The University declined to answer whether it is aware of coronavirus cases in undergraduates beyond the one it announced on Friday.
“We do not have updates on individual cases at this time,” wrote University spokesperson E.J. Miranda. “We are taking the appropriate steps when possible cases come to us to protect the health of the individual and the community.”
Stanford uses contact tracing — seeking out individuals who have been in recent contact with the infected person — to identify people at the highest risk of exposure and to “determine a course of action on a case by case basis,” Miranda wrote.
“This approach helps to protect the privacy of the individual who tested positive, and does not add unnecessary anxiety to people who had minimal exposure to the positive case in question,” he added.
The student who tested positive at Lucile Packard Children’s Hospital told The Daily that he has since been in touch with the University to facilitate contact tracing of people he has interacted with in the past 14 days.
“The University’s been nice,” he said. “They’ve been tracking me down, and I’ve talked to a couple people from there. It seems like they’re doing a very diligent job of contacting everybody, and I’ve done my best to track everyone down as well myself.”
In a March 8 statement to the Stanford community, Associate Vice Provost for Environmental Health & Safety Russell Furr wrote, “To the extent we are aware of confirmed cases of COVID-19 among members of our community, we will be in close communication with county public health officials on the appropriate response steps, and we will be working to keep our community informed.”

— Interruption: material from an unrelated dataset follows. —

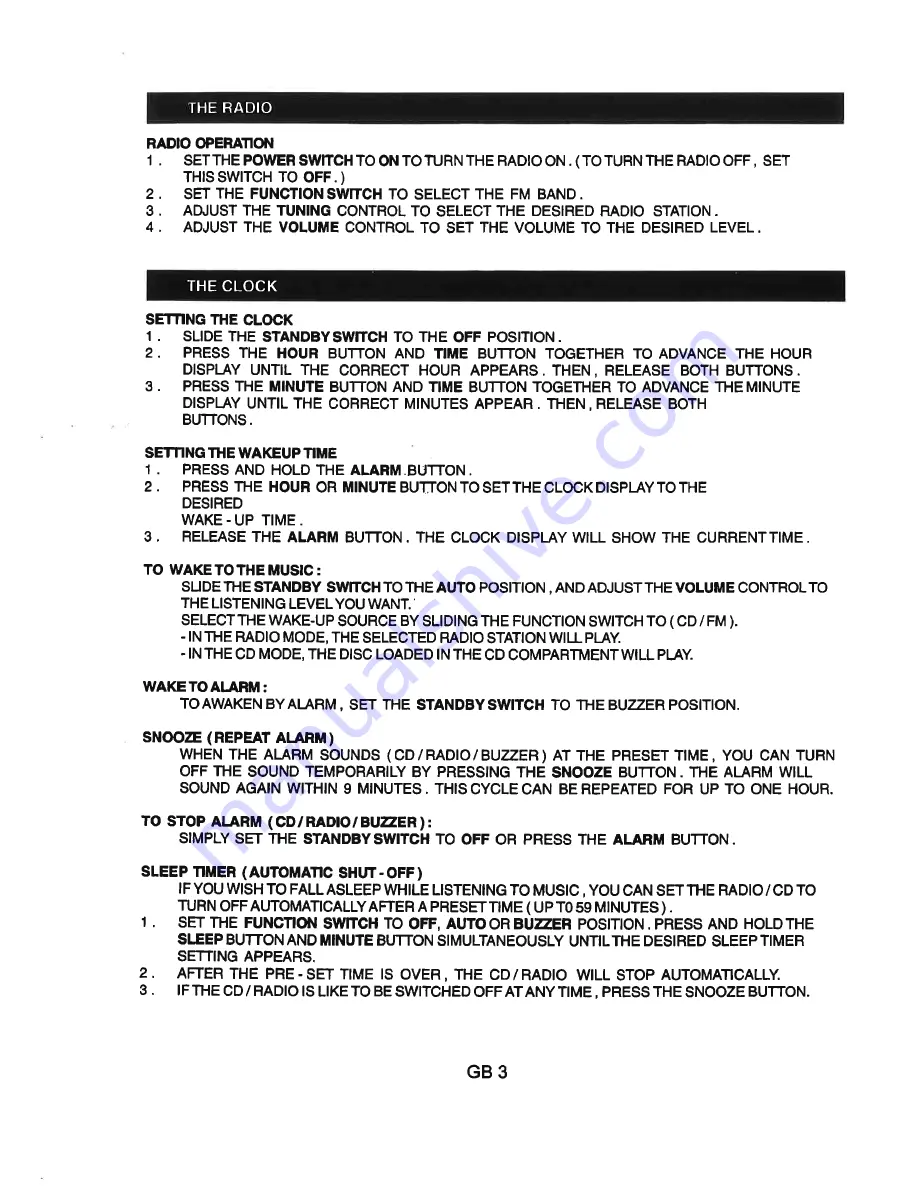 LENCO CR-2000 Instruction Manual Download Page 5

But in an email three days later, Furr wrote that Stanford was “not in a position to provide information broadly about individual cases.” The University is complying with Centers for Disease Control and Prevention and county protocols for notifying individuals in close contact with known cases, he wrote.
Because of the “quickly changing nature of the situation and the distributed nature of our community” Furr added, the University could not provide a “continuously updated” count of cases, though it would send emails when “significant new developments” arise.
The reported new cases come around the time many undergraduates are leaving campus to return home. Except for those who receive permission to remain at Stanford through spring quarter, undergraduates were required to leave by 5 p.m. Wednesday.
The dispersal of students — from Santa Clara County, a coronavirus hotspot — led to some concerns that individuals heading home could spread the virus beyond campus.
Beyond Stanford, many other universities across the country have asked students to leave amid the pandemic. After Santa Clara County and five other Bay Area counties issued a shelter-in-place order on Tuesday — which instructed individuals to stay in their residences but allowed non-residents to travel home — Provost Persis Drell urged undergraduates returning home to do so as soon as possible.
Microbiology and immunology professor Robert Siegel ’76 M.A. ’77 M.D. ’90 told The Daily that undergraduates who test positive should be “quarantined in a proper care facility” rather than be allowed to travel, noting that dorms do not have adequate isolating facilities.
“If we know that undergraduates have tested positive, it would not be prudent to allow them to travel or to remain in the dorm,” Siegel wrote. “They should be quarantined in a proper care facility. Their close contacts should be quarantined as well.”
This article has been updated to include information on a third undergraduate who has reported testing positive for COVID-19.